Binary analysis VM

The Binary Analysis book comes with a virtual machine that contains all the examples and software, making it possible to enjoy the challenge safely.

You can download it from this torrent (or get link to it from the book site, I had to make a tinyurl to make a magnet link possible in markdown). The username and password for the VM are both “binary”.

Why not VirtualBox?. I have other KVM VM’s as well, and running both KVM and VirtualBox in parallel leads to failures.

Installation on KVM

  1. Download the .ova.

  2. Copy, in case something goes wrong, and unpack:

nina@tardis:~/Downloads$ cp binary.ova binary-analysis.ova
nina@tardis:~/Downloads$ ls
binary-analysis.ova  binary.ova
nina@tardis:~/Downloads$ tar -xvf binary-analysis.ova
binary.ovf
binary-disk001.vmdk
  1. Convert the .vmdk to .qcow2 (and rename):

nina@tardis:~/Downloads$ qemu-img convert -p -f vmdk -O qcow2 binary-disk001.vmdk binary-analysis.qcow2
    (100.00/100%)
  1. Move the binary-analysis.qcow2 to /var/lib/libvirt/images (as root) and change ownership to libvirt-qemu. Change group to kvm.

  2. Open the binary.ovf to look at the parameters (disk size 50 Gb is okay, 4096 RAM and 1 CPU, which you can change later to 2 CPU’s if you wish).

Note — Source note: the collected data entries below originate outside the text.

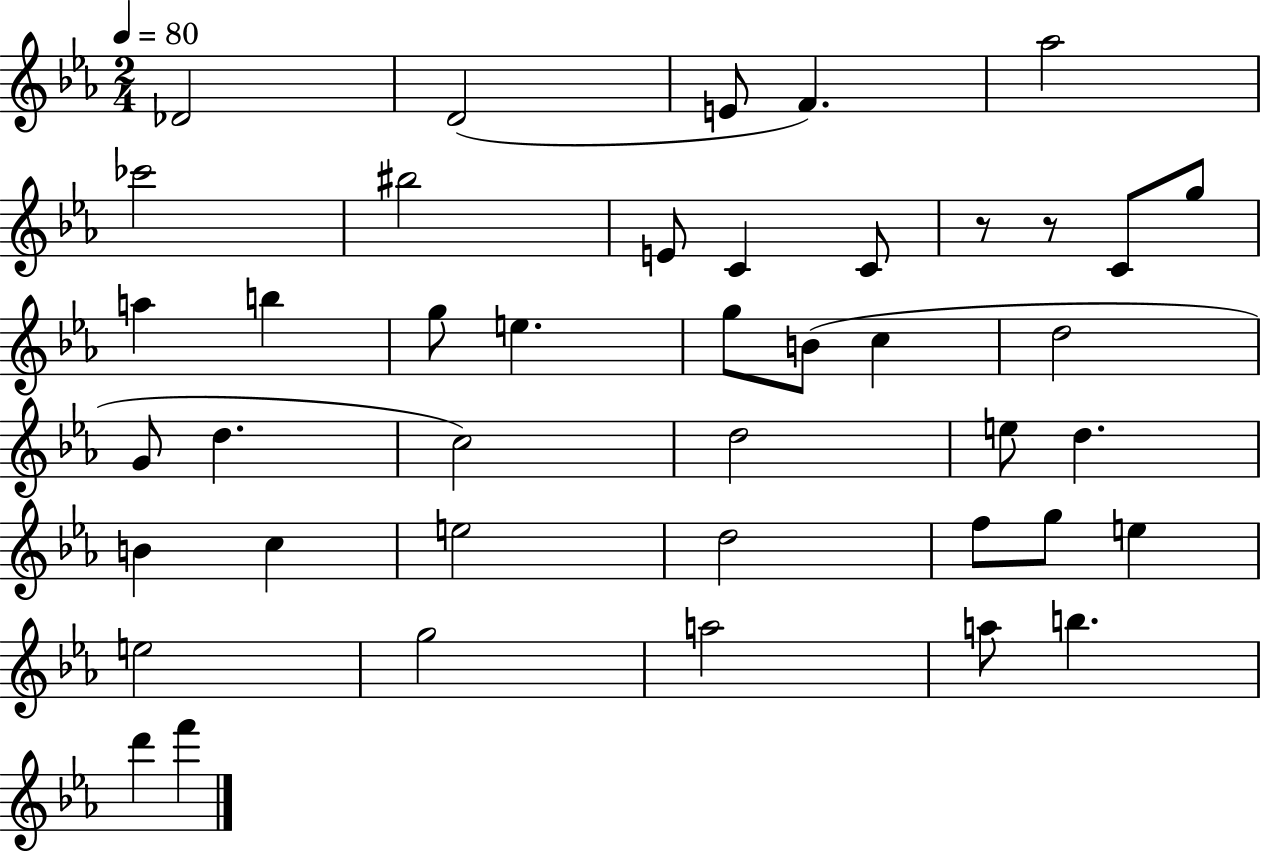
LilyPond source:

{
  \clef treble
  \numericTimeSignature
  \time 2/4
  \key ees \major
  \tempo 4 = 80
  des'2 | d'2( | e'8 f'4.) | aes''2 | \break ces'''2 | bis''2 | e'8 c'4 c'8 | r8 r8 c'8 g''8 | \break a''4 b''4 | g''8 e''4. | g''8 b'8( c''4 | d''2 | \break g'8 d''4. | c''2) | d''2 | e''8 d''4. | \break b'4 c''4 | e''2 | d''2 | f''8 g''8 e''4 | \break e''2 | g''2 | a''2 | a''8 b''4. | \break d'''4 f'''4 | \bar "|."
}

  3. Import in KVM, based on Ubuntu 16.04 (Include legacy to find it).

  4. Set display resolution, and use Left Ctrl + Left Alt release focus (free mouse to host).

Getting started

Binary analysis VM

In the directory ~/code, you will find one subdirectory per chapter, which contains all code samples and other relevant files for that chapter. There is also a directory called ~/code/inc that contains common code used by programs in multiple chapters.

Updates

Updating the OS or any software packages, for instance with apt, is not recommended because some of the pre-installed binary analysis toolkits have very specific expectations about the system.

If you wish, update before the conversion to qcow2. I did not, and sofar it all works fine.